What is the Broadclyst Cornerstone EdTech Strategy? BC EdTech 1
'All we've ever done is harness the latest technology of the day and give it into the hands of children to let them experiment with it. Now, that experiment wasn't random. We were using them not as guinea pigs, but we were educating these children with the tools of the day for the age that they lived in.

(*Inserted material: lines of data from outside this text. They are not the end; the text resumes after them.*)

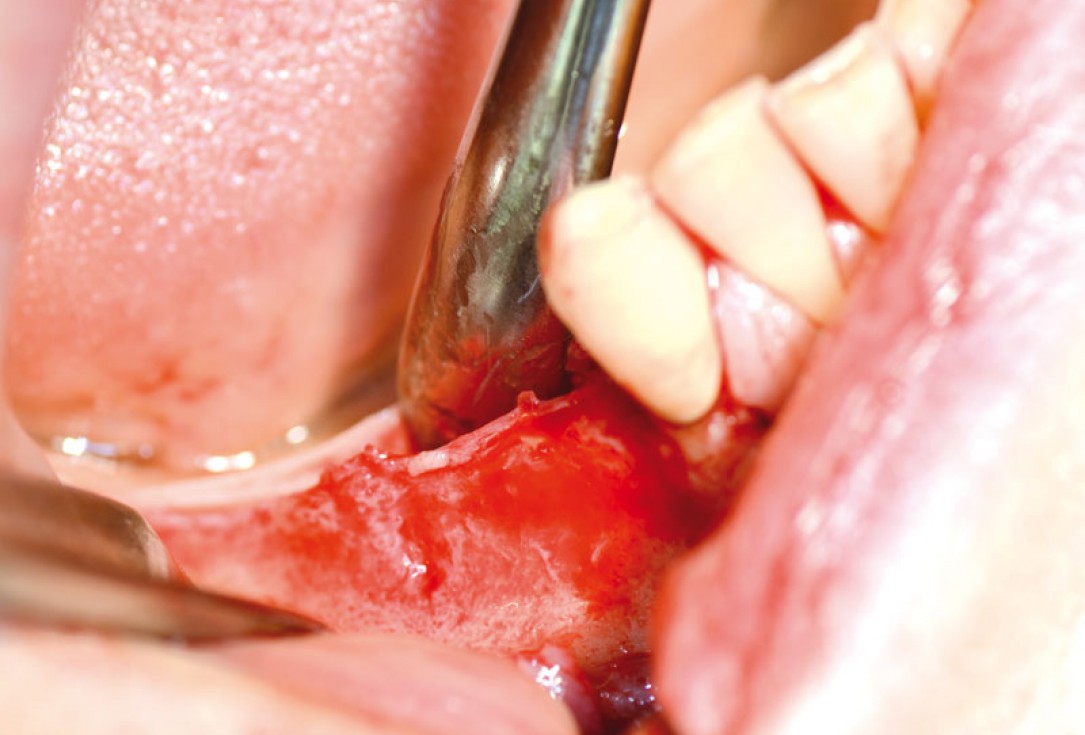 Block augmentation with maxgraft® in the mandible - PD Dr. Dr. F. Kloss
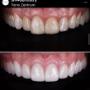 Veneers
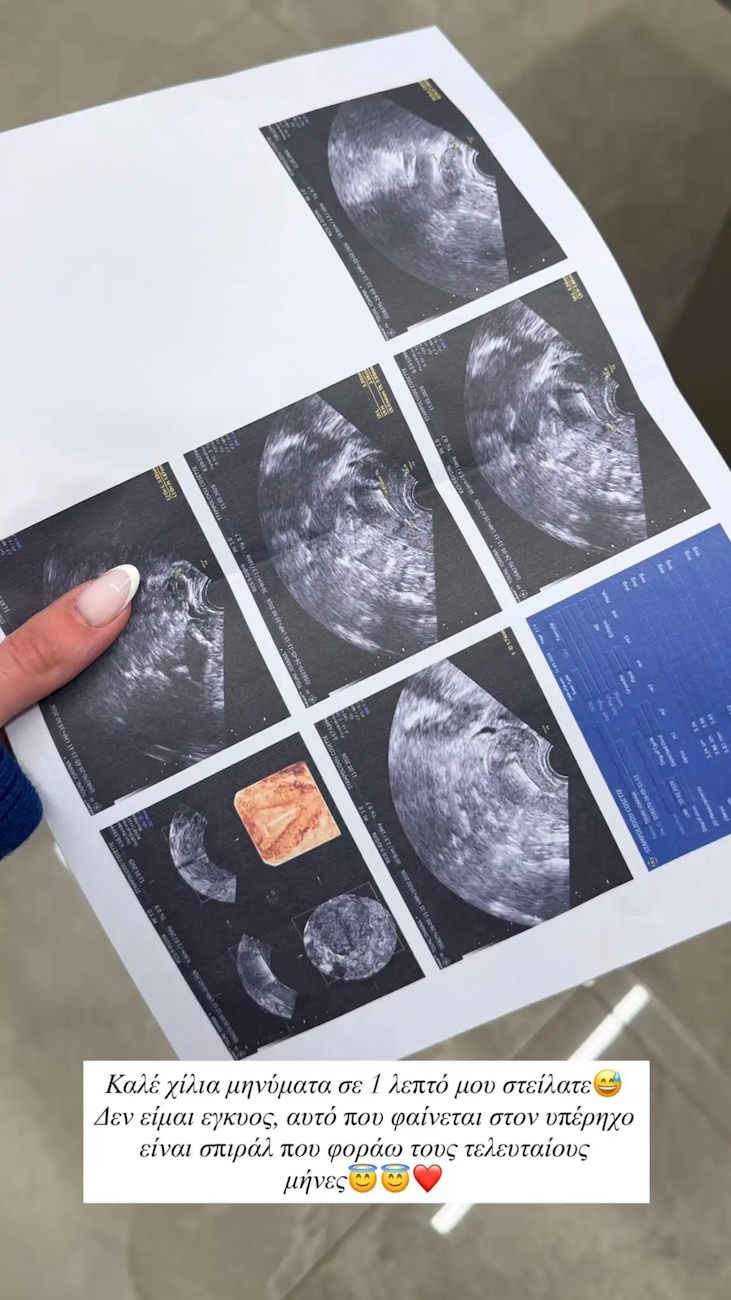 Η ανάρτηση της Ιωάννας Τούνη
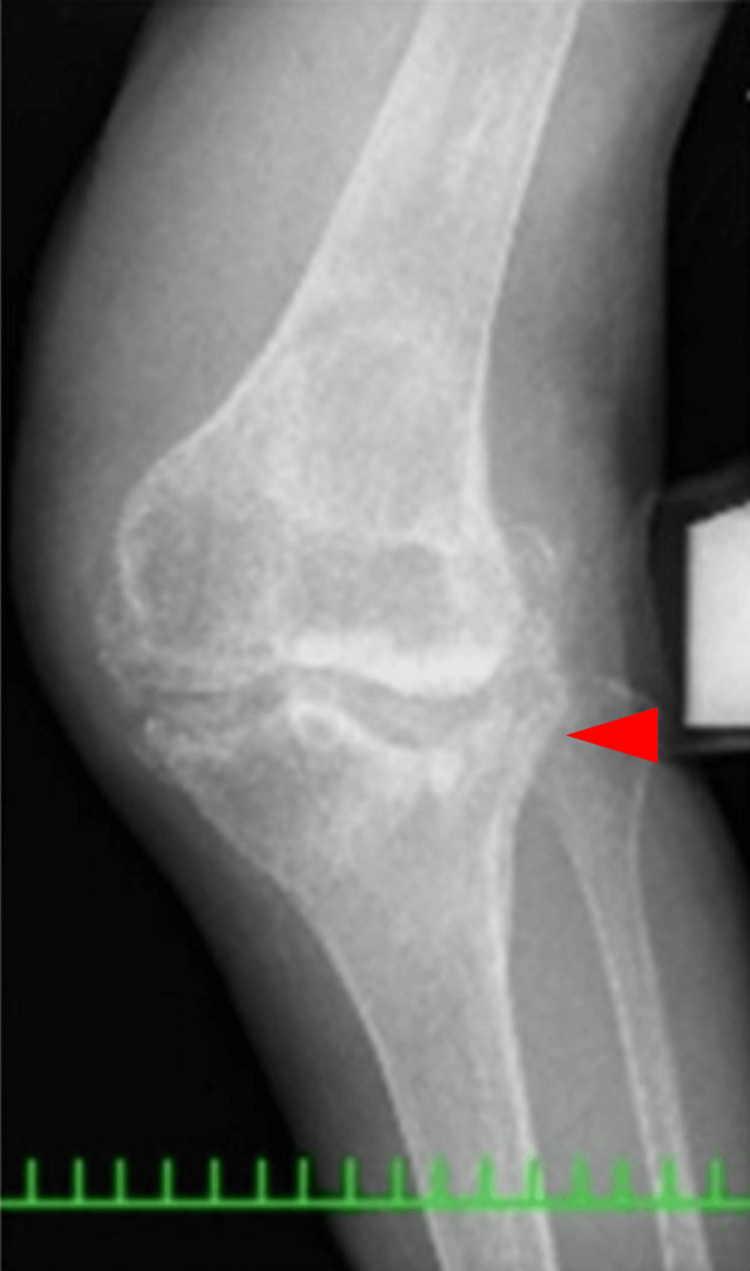 Figure 11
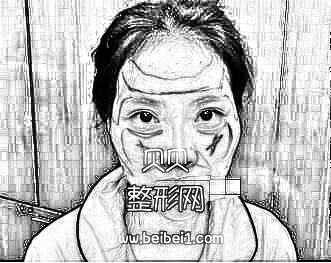 北京炫美自体脂肪填充徐学东技术怎么样？介绍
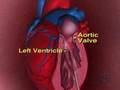 Tiny Hearts Get Fixed In Womb (CBS News)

We were trying to prepare them for their futures, not their past. So that simple driver is what's taken us on this 30 year journey. Give them the latest. Give them the best. Why would you educate somebody with the tools of the past and not the tools of today? Because they're certainly not going to be the tools of tomorrow'
Jonathan Bishop
CEO - Cornerstones MAT
The Lecture Hall BC EdTech 13
'So I think our lecture theatre still is perceived as being futuristic, a classroom of the future 18 years after it was built I think this is because no one else has thought that it would work in their setting. My challenge would be 'give it a go'. You'll find it's transformative to the practice. And we're now trying to replicate those lessons in each of the classrooms, in each of the schools, by opening up spaces, getting team teaching with one-to-one devices at the heart of the strategy.'
David James
Head of Education
Cornerstone Academy Trust
Why do you prioritise real-world examples and modelling for pupils to engage with when using technology? BC EdTech 1c
'The technology they use in school and the technology they access in the real world at home are the same. And the only way to do that is to provide real-world projects, situations and contexts with real-world audiences. That requires a different approach to having some devices and a learning platform'
Anthony Lees
Deputy Head of School
Cornerstone Academy Trust
How do you manage the change required to be successful with technology adoption? BC EdTech 2
'It embedding an ed tech strategy can be described as a marathon more than a sprint. And that's very important that you have a long-term view of how you intend to embed the technology within your teaching and learning at your school. Now, there are lots of quick wins within that process. It doesn't have to be onerous or difficult to start and not necessarily expensive. What we're looking for is to start with a long-term strategy and view and then to embed it and unroll it at a pace that is appropriate to not just the needs of your learners and the comfort of your staff, but enables them to embed that practice, make it their own, and then work to move forward with that themselves'
Anthony Lees
Deputy Head of School
Cornerstone Academy Trust
Examples of EdTech use BC EdTech 3
'We give every child a stylus that they can write on the surface and take part in collaborative work with their fellow pupils. They can annotate work that the teacher has assigned them, give them notes they can write, as you would do in a writing book on the screen, and submit that as a piece of writing. This alongside the other uses. The surface has a camera, which is a very simple device, but actually extremely powerful. Children are now filming each other, so it moves on into their presentation skills, their drama skills. They are now using technology to green screen just off an app, very simple app on the surface, enabling them to put themselves anywhere in the world'
David James
Head of Education
Cornerstone Academy Trust
What challenges have their been along the way? BC EdTech 5 -
'The biggest challenge for us on this journey has been the choice of device. There are so many devices out there, so which do you go for? Do you go for the cheapest, which allows children to access the internet, documents, and the office suite, or do you want to utilise a device for its whole purpose? So then there's touchscreens, so then there's the iPad. And the tablet route we went for was a Microsoft Surface, a tablet environment combined with the desktop environment'
David James
Head of Education
Cornerstone Academy Trust
How do you support inclusion?
'We're looking to use the technology to really enhance the offer for learners and give them opportunities to access the curriculum irrespective of needs and context. And that frees up the teacher to have much more higher order conversations with learners, much more targeted adaptive teaching than can be done when the teacher is running around firefighting situations that in this day and age don't need to be then case within our adapted curriculum for all learners and all needs'
Katie Lawson
Deputy Head of BCPS
Cornerstone Academy Trust
BC EdTech 6
How to do you support staff to maximise the potential of the technology available?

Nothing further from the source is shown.